East Syriac Christianity in the Mongol Empire
Studying East of Byzantium II
University of Alberta
This workshop will concentrate on East Syriac Christianity in the Mongol Empire, from the rise of Chinggis Khan (d. 1227), through the evolution of the the unified Mongol Empire that he created into four separate states—the Il-khanate in Persia (1256–1335), the Chaghatayid Khanate in Central Asia (1242–1347), the Qipchaq Khanate (Golden Horde) on the northern steppe (1256–1360) and the Yuan dynasty in Mongolia and China (1260–1368)—to the end of Mongol power in Asia and the Middle East in the late 14th century, after which East Syriac Christianity either vanished or was seriously diminished in its presence and influence.
After briefly recounting the political, theological and other factors that led to the spread of East Syriac Christianity (i.e. the Church of the East) from the Persian Empire into Central Asia and China, the workshop will consider some or all of the following topics related to East Syriac Christianity under the Mongols: Chronology and geography of East Syriac Christianity during the Mongol period and the archaeological and textual evidence for reconstructing these; Mongol-era East Syriac manuscripts and gravestone inscriptions from Central Asia; Political, ethnolinguistic, structural and doctrinal aspects of East Syriac Christianity; Role of specific Central Asian ethnic groups in East Syriac Christianity (e.g.

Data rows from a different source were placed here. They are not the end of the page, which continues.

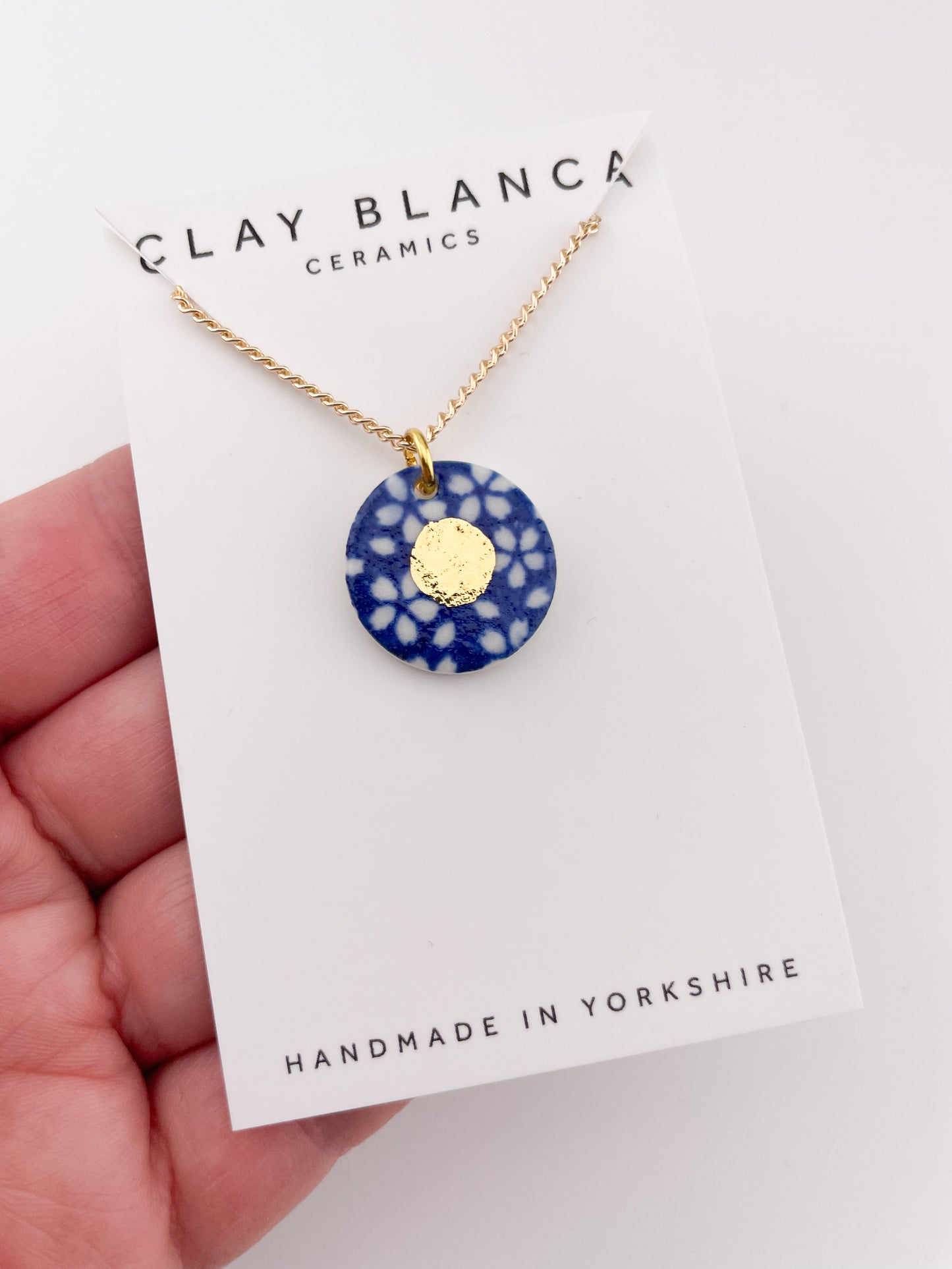 Blue Pendant with white flowers pattern & gold lustre centre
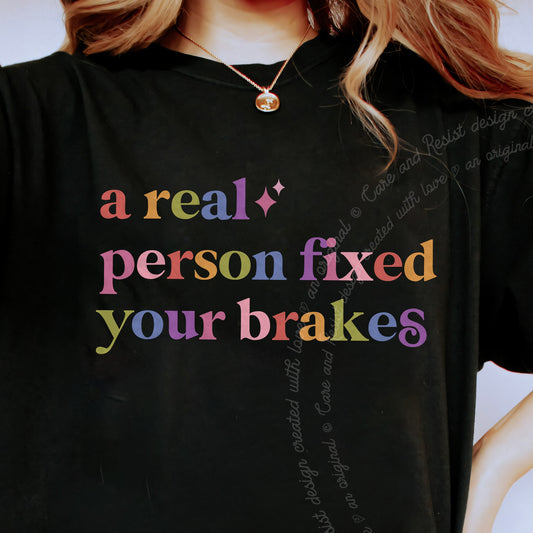 A Real Person Fixed Your Brakes Care & Resist progressive t-shirt in Black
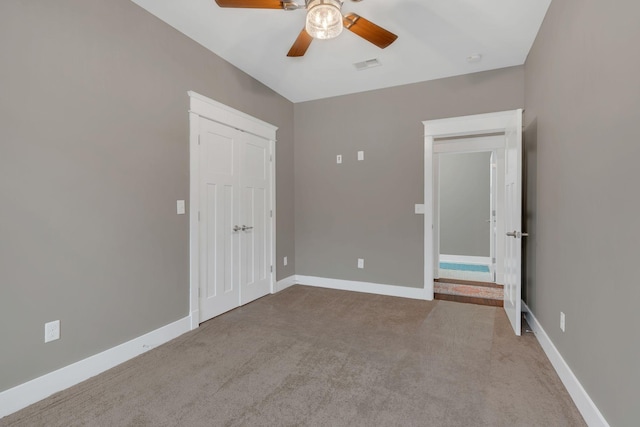 unfurnished bedroom with visible vents, ceiling fan, baseboards, carpet, and a closet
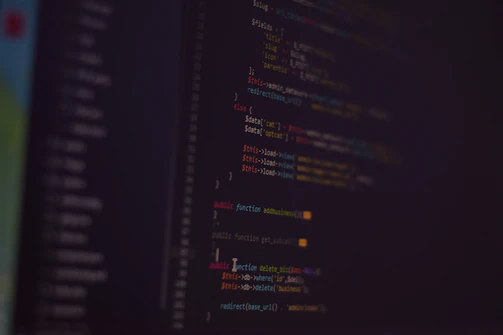 A stack of popular software packages neatly arranged against a black coding-style background.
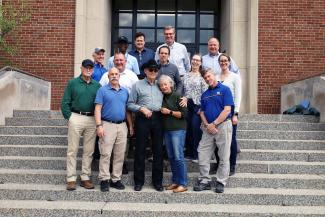 Bill Collins and colleagues outside Peterson Service Building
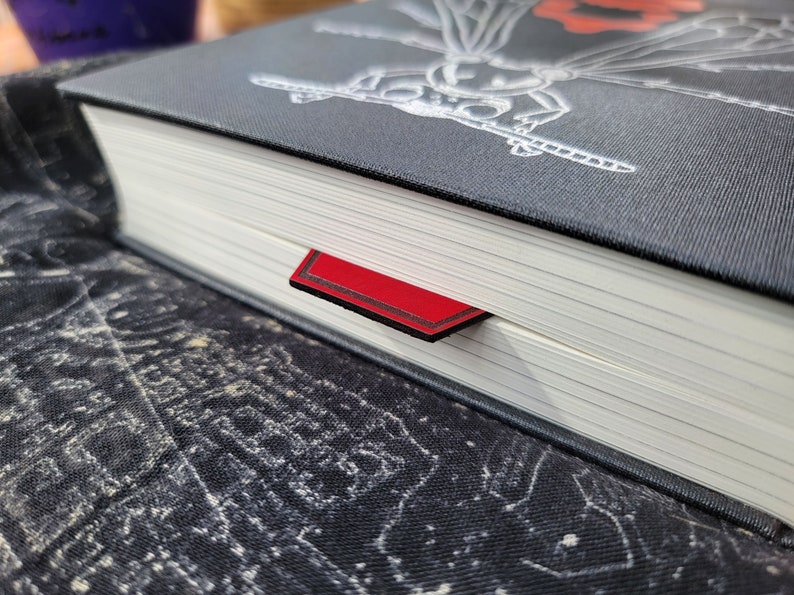May include: Close-up of a black hardback book with a red ribbon bookmark. The book cover features a detailed illustration of a dragonfly.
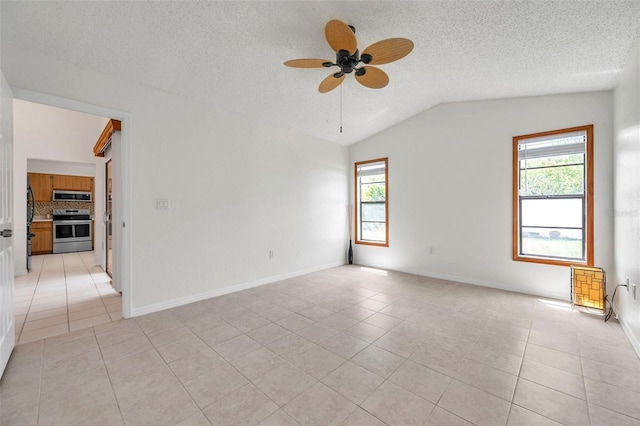 2048 Ground Squirrel Dr, New Port Richey, FL 34655 - unfurnished room featuring light tile patterned floors, vaulted ceiling, a ceiling fan, and a textured ceiling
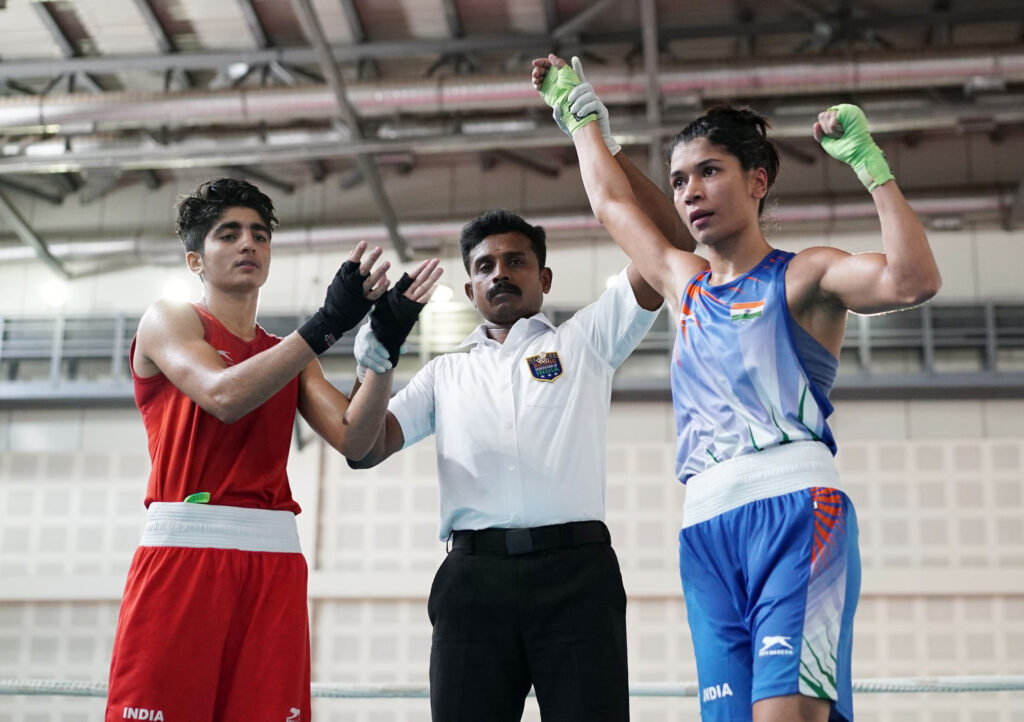 Nikhat Zareen (in Blue) celebrates after winning the 50kg final at the 2022 Commonwealth Games trials at the Indira Gandhi Indoor Stadium in New Delhi 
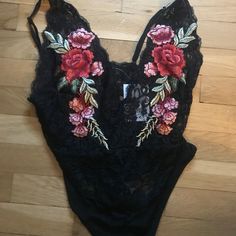 Low Cut Floral Black Bodysuit Never Worn. Still Has Tags. Size Medium Forever 21 Trendy Black Bodysuit, Forever 21 Party Bodysuit With Lined Body, Aesthetic Intimates, Body Suits, Floral Bodysuit, Forever21 Tops, Black Bodysuit, Forever 21 Tops, Low Cut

Sogdians, Keraits, Öngüts, Qipchaqs & Uyghurs); Role of East Syriac Christian elites in political and religious leadership; East Syriac relations with other religions (Buddhism, Islam & others) and other Christians (Armenian, Byzantine, West Syriac, Latin); The History of Mar Yahbāllahā; and The end of East Syriac Christianity outside of the Middle East and India.
Mark Dickens is a contract instructor at the University of Alberta where he teaches courses on Central Eurasia and Turkic peoples in world history, interactions between Central Eurasia and the Middle East/Mediterranean World, the history of Christianity, particularly Eastern Christianity, Christianity in the Middle East and Asia, and Muslim-Christian relations in the Middle East and Asia. His research focuses on the interaction between Syriac Christianity and the inhabitants of Central Eurasia (particularly the Turkic peoples) between the 6th and 14th centuries. His recent publications include Syrische Handschriften. Teil 2. Syriac Manuscripts from the Berlin Turfan Collection, co-authored with Erica C.D. Hunter (Stuttgart: Franz Steiner, 2016), “Biblical Fragments from the Christian Library of Turfan, an Eastern Outpost of the Antiochian Tradition,” in The School of Antioch: Biblical Theology and the Church in Syria, ed. Vahan Hovhanessian (Bern: Peter Lang, 2016), and “John of Ephesus on the Embassy of Zemarchus to the Türks” in Central Eurasia in the Middle Ages. Studies in Honour of Peter B. Golden, ed. István Zimonyi and Osman Karatay. (Wiesbaden: Harrassowitz Verlag, 2016). Dr. Dickens is a member of the Syriaca.org project team.